- _AIM OF THE TASK_
Repeat, exactly as they appear, the lines from the one with "化粧水・敏感肌用・高保湿タイプ/無印良品/化粧水を使ったクチコミ（1枚目）" through the last line of the entries below, but none of the pictures.

[Items from a data source]
* * *

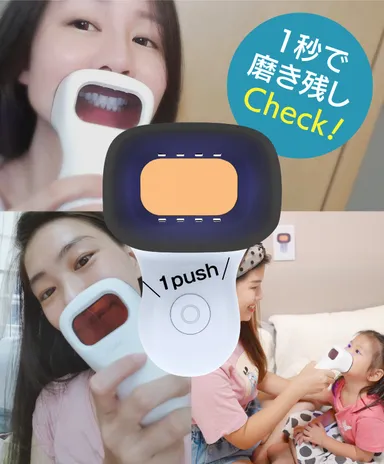 1秒で磨き残しCheck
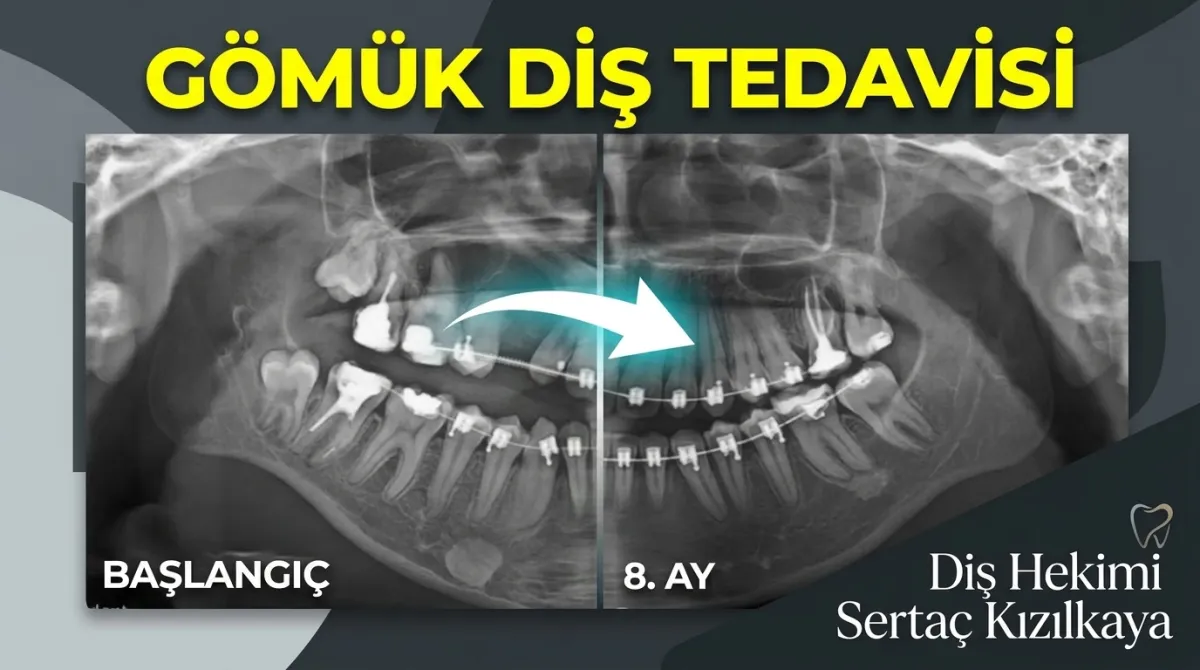 Gömük Köpek Dişi Ortodontik Tedavi ile Nasıl Sürdürülür?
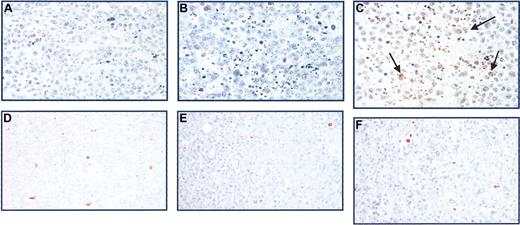 Figure 7. Apoptosis in tumor xenografts as measured by TUNEL staining. Tumors harvested from mice after 21 days of treatment were fixed in formaldehyde, deparaffinized, and subjected to immunohistochemical analysis. Shown are TUNEL stains of CAG myeloma xenografts with short telomeres after intratumoral treatment with (A) PBS, (B) 227 (10 nmol), and (C) GRN163 (10 nmol) 5 times a week for 3 weeks. These are compared with TUNEL stains of HT tumor xenografts with long telomeres after intratumoral treatment with (D) PBS, (E) 227, or (F) GRN163 on the same schedule. Apoptotic cells are indicated in brown (arrows). Original magnification, × 40.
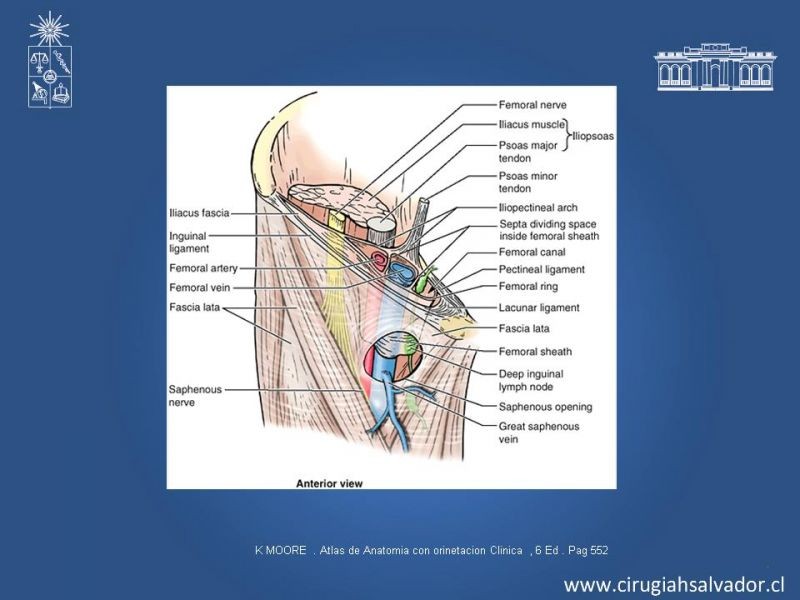 Diapositiva 2 de Hernia Crural 2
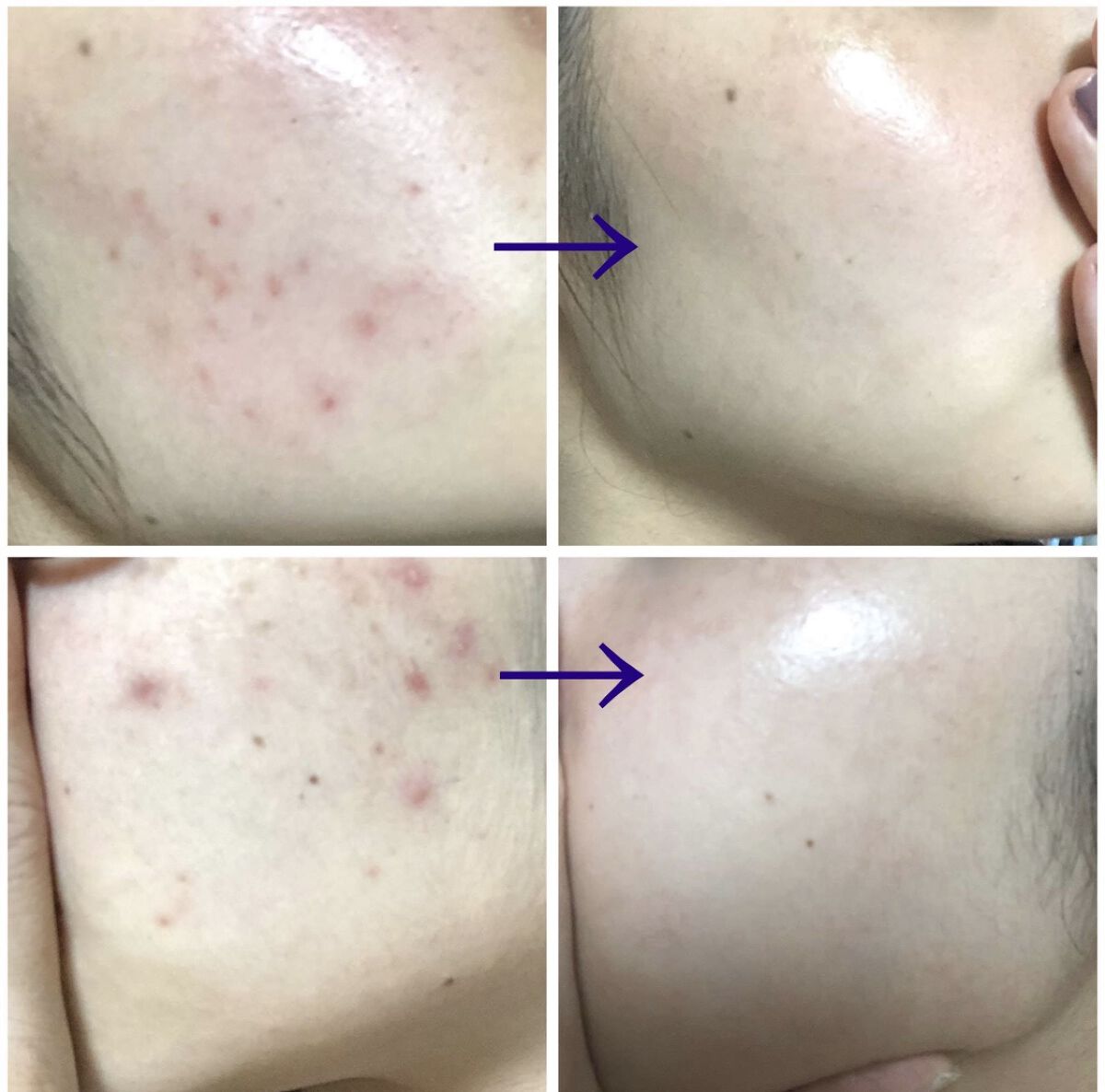 化粧水・敏感肌用・高保湿タイプ/無印良品/化粧水を使ったクチコミ（1枚目）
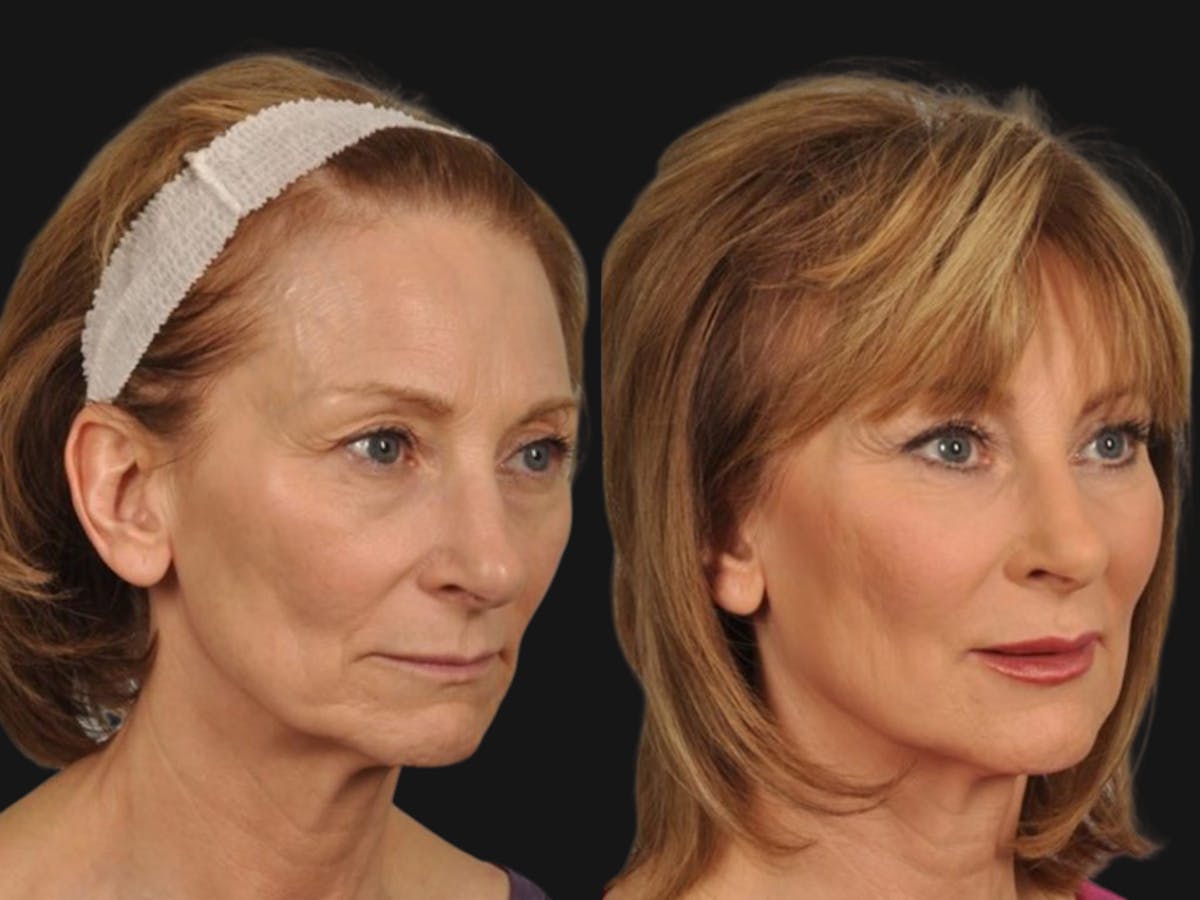 Mid Facelift Before & After Gallery - Patient 826650 - Image 3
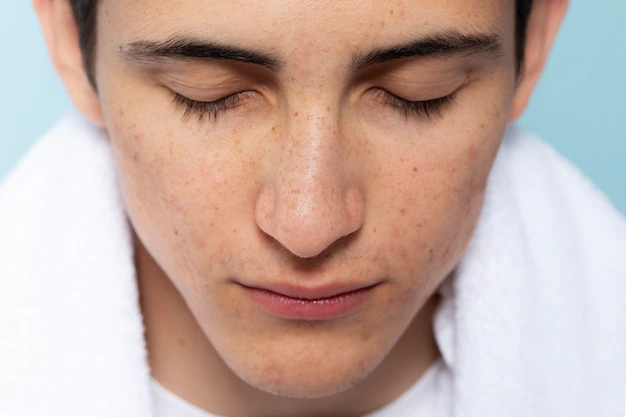 Remedies For Minimizing Enlarged Pores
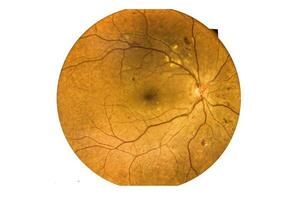 Fundus photography Madical Retina Abnormal isolated on white background. photo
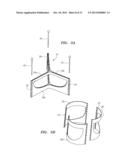 PROSTHETIC HEART VALVES, SCAFFOLDING STRUCTURES, AND SYSTEMS AND METHODS     FOR IMPLANTING OF SAME diagram and image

* * *

- _FINISHED TASK_
 化粧水・敏感肌用・高保湿タイプ/無印良品/化粧水を使ったクチコミ（1枚目）
 Mid Facelift Before & After Gallery - Patient 826650 - Image 3
 Remedies For Minimizing Enlarged Pores
 Fundus photography Madical Retina Abnormal isolated on white background. photo
 PROSTHETIC HEART VALVES, SCAFFOLDING STRUCTURES, AND SYSTEMS AND METHODS     FOR IMPLANTING OF SAME diagram and image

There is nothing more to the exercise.